Failover

The primary database server dies. What happens next? How fast does the system recover, and what data is at risk?

What failover is#

When the primary dies, a replica must be promoted to take over as the new primary. This process — detecting the failure, electing a new primary, and redirecting traffic to it — is called failover.

Primary dies
→ health check detects failure (heartbeat timeout — typically 10-30 seconds)
→ leader election — replicas vote, one is promoted to new primary
→ app servers / load balancer redirected to new primary
→ system back online
→ remaining replicas now replicate from new primary

Tools like Patroni (PostgreSQL) and Redis Sentinel handle this automatically. Without them, failover is manual — an engineer wakes up at 3am, picks a replica, runs promotion commands, updates DNS. Automated failover is non-negotiable for production systems.

The failover gap#

During the window between the primary dying and the new primary being ready, writes are unavailable. Health checks need time to detect the failure. Leader election takes time. DNS propagation or load balancer reconfiguration takes time.

T=0    → primary crashes
T=0-15 → health check timeout (detecting the failure)
T=15-25 → leader election, new primary chosen
T=25-30 → app servers redirected to new primary
T=30   → system accepting writes again

~30 second write outage ✗

This is your RTO (Recovery Time Objective) impact — the time your system cannot take writes. 30 seconds is typical for automated failover. Manual failover can be 30 minutes or more.

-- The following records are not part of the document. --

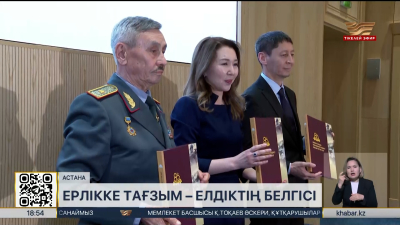 Астанада «Ерлікке тағзым» кітабы жарыққа шықты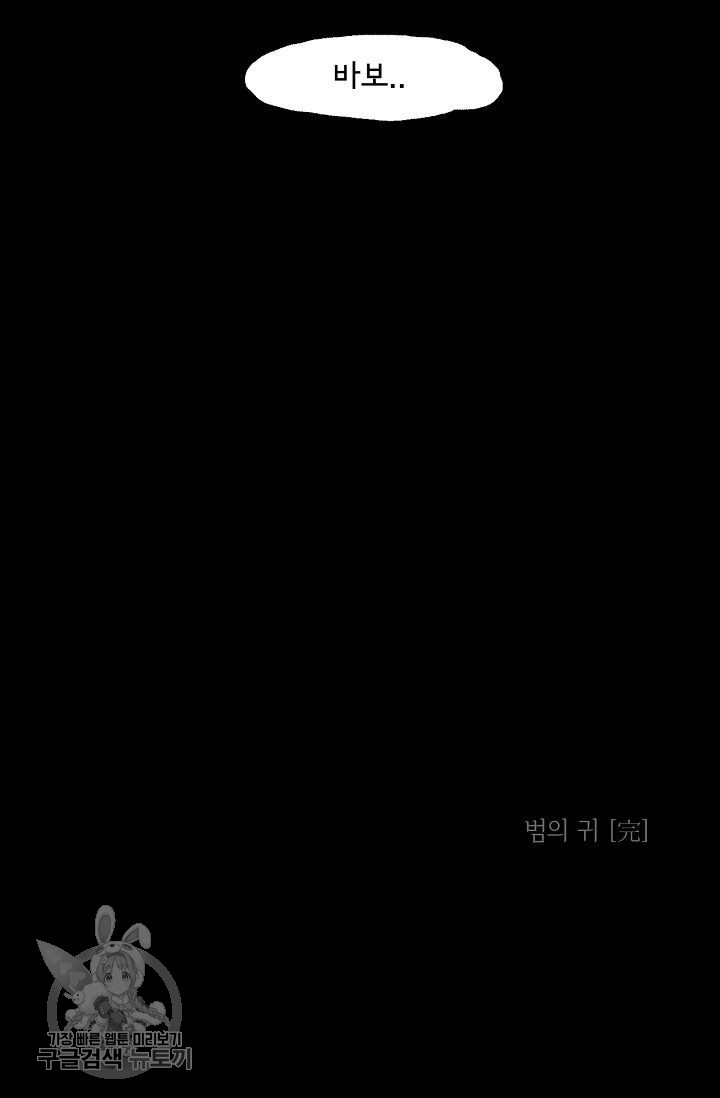 1685804077_59076351504984.jpg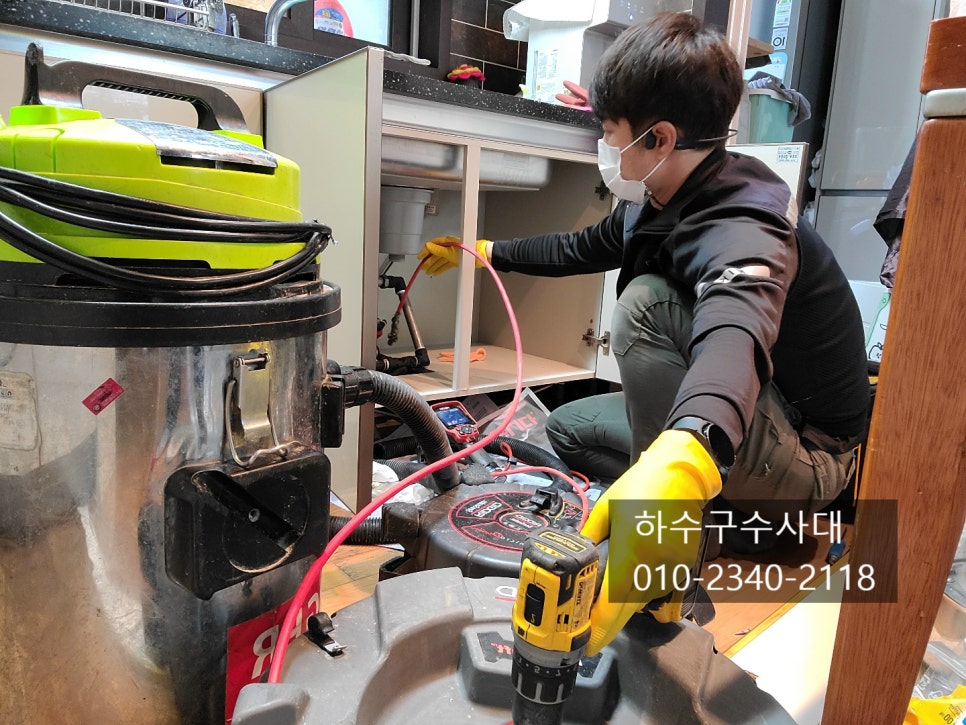 광교동 변기막힘 역류 이의동 광교 오수역류 변기수리 설비업체 원인 분석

Data loss on failover with async replication#

With async replication, the promoted replica may be a few seconds behind the primary at the moment of failure. Writes that were committed on the primary but hadn't yet replicated are permanently lost.

T=10.000s → user posts a photo
           → primary writes it → "post successful" returned to user ✓
           → replication is async — replica hasn't received it yet

T=10.002s → primary server loses power (disk failure, hardware fault)
           → replica is 2 seconds behind
           → those 2 seconds of writes → never reached the replica
           → gone forever ✗

T=10.030s → replica promoted to primary
           → user refreshes feed → their photo is missing
           → they were told "success" but the data is lost

The WAL sits on the primary's local disk. If the primary is unrecoverable, the WAL entries that hadn't streamed to any replica are lost.

This is the core async replication trade-off — fast writes during normal operation, a small data loss window when the worst happens.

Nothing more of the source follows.